Why the Orchard Pool Matters
The Orchard pool sits at the heart of Zcash’s privacy infrastructure. It enables shielded transactions that conceal transaction details while preserving the network’s cryptographic security guarantees.
Earlier this year, Orchard became the focus of market attention after researchers disclosed a vulnerability affecting the pool. The news triggered significant uncertainty, leading to a sharp selloff as investors speculated about potential risks to the network.
Ultimately, developers confirmed that the issue had been identified and addressed through coordinated security procedures. Most importantly, there was no evidence that attackers successfully exploited the vulnerability or that user funds were compromised.
Still, the episode left many traders watching Orchard-related activity much more closely than before.
The Pool Remains Well Funded
Despite the latest withdrawal, the Orchard pool remains substantial. Estimates suggest approximately 3.88 million ZEC remains within the shielded pool following the transaction.

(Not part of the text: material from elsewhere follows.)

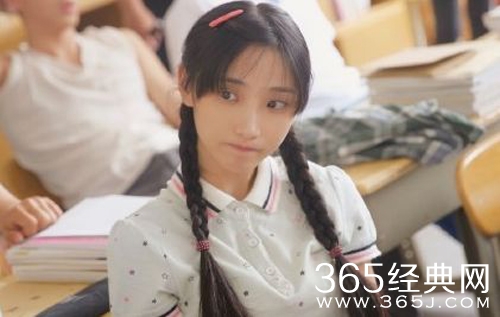 你好旧时光辛锐为什么陷害凌翔茜作弊 你好旧时光凌翔茜为什么离开学校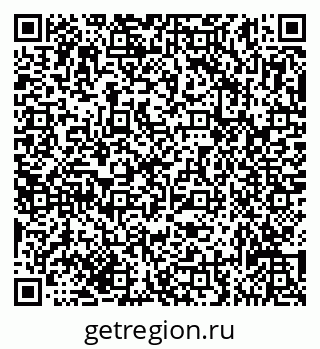 79635137749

That means the withdrawal, while sizeable, does not represent a significant depletion of the overall reserve base. Large holders regularly move assets between wallets, exchanges, staking solutions, and custody providers, making it difficult to determine intent based solely on a single transaction.

At this stage, there is no indication that the withdrawal is connected to any security issue or broader network concern.
ZEC Has Recovered Strongly
The transaction also arrives during one of Zcash’s strongest rallies in recent memory. Following the initial panic surrounding the Orchard vulnerability disclosure, ZEC has staged an impressive recovery, climbing roughly 70% from its post-disclosure lows.
Part of that rebound has been driven by growing confidence in the network’s response to the vulnerability. Developers recently finalized the Ironwood upgrade, which is expected to strengthen the network’s security and resilience when activated later this year.
Markets often react negatively to uncertainty, but once issues are disclosed, understood, and addressed, investor confidence can return surprisingly quickly.
What Traders Will Watch Next
For now, the withdrawal appears to be a notable but isolated event. However, traders will likely continue monitoring Orchard activity for signs of larger trends, especially given the heightened scrutiny surrounding the pool following recent events.
The combination of a recovering price, an upcoming network upgrade, and renewed attention on privacy-focused cryptocurrencies has placed Zcash back on many investors’ radar.
Whether the latest withdrawal turns out to be routine treasury management or part of a larger strategy remains unclear. What is clear is that after months of security concerns and volatility, every major movement involving Orchard is now attracting attention from the market.